No judgment structure available for this case.

Administrative Appeals Tribunal

DECISION AND REASONS FOR DECISION [2008] AATA 142

ADMINISTRATIVE APPEALS TRIBUNAL      )

)          No N2005/1538

GENERAL ADMINISTRATIVE DIVISION )         
Re IBTISAM KOREEL

Applicant

And

AUSTRALIAN POSTAL CORPORATION

Respondent

DECISION

Tribunal Senior Member, Mrs Josephine Kelly
Dr J Campbell, Member

Date25 February 2008

PlaceSydney

Decision The reviewable decision is affirmed.

.....................[sgd].........................

Presiding Member

Senior Member, Mrs Josephine Kelly

CATCHWORDS

COMPENSATION – injury – aggravation of disease – applicant employee of Australian Postal Corporation – pain in left knee while sorting mail – claims for medical expenses incapacity and permanent impairment – liability denied - initial diagnoses - patellofemoral joint disorder – prepatellar bursitis traumatic - whether applicant had injury or disease –medical expert evidence considered – held no medical diagnosis – no evidence pain began at work - applicant did not have injury or disease – whether onset of pain at work an injury -  reviewable decision affirmed

Safety, Rehabilitation and Compensation Act 1988 ss 4, 14, 24, 27

Accident Compensation Commission v McIntosh [1991] 2 VR 253

Australian Postal Corporation v Burch (1998) 85 FCR 264

Canute v Comcare (2006) 226 CLR 535

Comcare v Etheridge (2006) 149 FCR 522

Comcare v Mooi (1996) 69 FCR 439

Commonwealth Banking Corporation v Percival (1988) 20 FCR 176

Hughes v Australian Postal Corporation [2002] FCA 1645

Kennedy Cleaning Services v Petkoska (2000) 200 CLR 286

Re Gray and Commonwealth Banking Corporation (AAT 5168, 21 June 1989)
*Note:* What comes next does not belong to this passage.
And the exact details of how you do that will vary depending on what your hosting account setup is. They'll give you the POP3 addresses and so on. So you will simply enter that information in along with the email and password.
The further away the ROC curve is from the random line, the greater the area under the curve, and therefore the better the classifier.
Zickar v MGH Plastic Industries Pty Ltd (1996) 187 CLR 310

REASONS FOR DECISION

25 February 2008 Senior Member, Mrs Josephine Kelly
Dr J Campbell, Member     

BACKGROUND

1.      By the end of the hearing before us, there were two issues to decide.  The first was whether Ms Koreel had suffered an injury "simpliciter" to her left knee at work on 14 March 2005, or alternatively, whether she had suffered the aggravation of a disease at that time.  For the reasons that follow, we find that Ms Koreel did not suffer either.  
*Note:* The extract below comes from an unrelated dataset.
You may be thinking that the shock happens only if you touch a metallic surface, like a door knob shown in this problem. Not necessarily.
2. When the hearing began, there were two proceedings before us. The first were proceedings N2005/1538 which was the claim for liability pursuant to s 14 of the Safety, Rehabilitation and Compensation Act 1988 (“the Act”) which is summarised above. The second proceeding, N2006/380, was a claim for permanent impairment pursuant to ss 24 and 27 of the Act. That proceeding was withdrawn on 13 November 2007.

THE CASE FOR MS KOREEL

3.      Mr Richards, of counsel, appeared for Ms Koreel.   We understood his first argument to be that an injury does not have to be caused by work, but rather has to occur at work, and in this case the injury was the onset of pain at work on 14 March 2005.  However, we also understood him to retreat from that position and put an argument that "something happened" on 14 March 2005 while Ms Koreel was at work which caused her to feel pain in her left knee.  We understood that this argument accepted that a physical change was required, but that a diagnosis is unnecessary.
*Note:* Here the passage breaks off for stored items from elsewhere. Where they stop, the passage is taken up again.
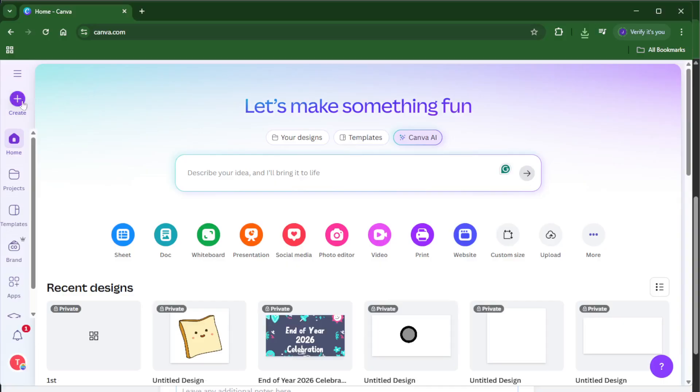Let's jump right in. First, head over to Canva. If you don't already have an account, you can set one up for free in just a few clicks. Canva is an awesome tool for design beginners and pros alike. It's user-friendly and you don't need any fancy software.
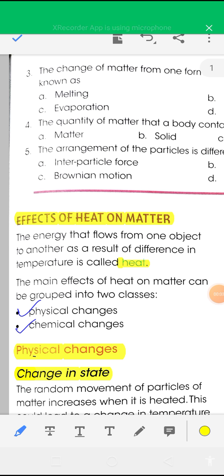Good morning students. In this video today I'll discuss about the effect of heat on matter. First you have to know what is heat — it is one type of energy. The actual definition of heat is that the energy that flows from one object to another object as a result of difference in temperature is called heat.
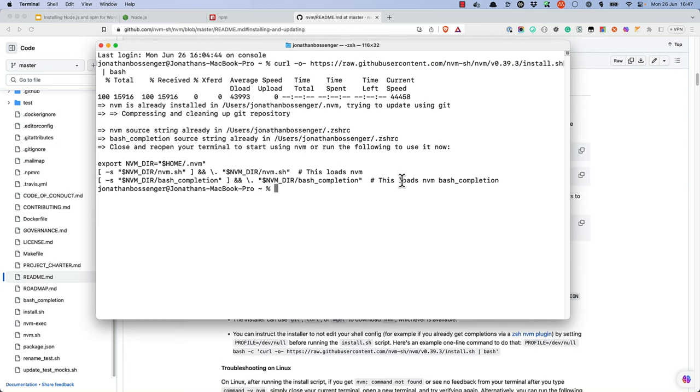Once it is installed, you can use the nvm install command to install the Node.js and NPM versions you need.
4.      Mr Richards relied on the cases of Canute v Comcare (2006) 226 CLR 535, Kennedy Cleaning Services v Petkoska (2000) 200 CLR 286, Zickar v MGH Plastic Industries Pty Ltd (1996) 187 CLR 310 and Hughes v Australian Postal Corporation [2002] FCA 1645 to support his case. The case of Comcare v Mooi (1996) 69 FCR 439 was also referred to during discussion.

5.      Mr Richards relied on the reports of Dr Rockman, the general practitioner to whom Australia Post referred employees from the facility where Ms Koreel worked, and of Dr Walker, Ms Koreel's treating orthopaedic surgeon.

6.      The alternative argument which Mr Richards put, somewhat faintly, was that Ms Koreel had suffered an aggravation to patello-femoral disease which was contributed to by her employment.  In support of that argument he relied on the reports of Dr Walker.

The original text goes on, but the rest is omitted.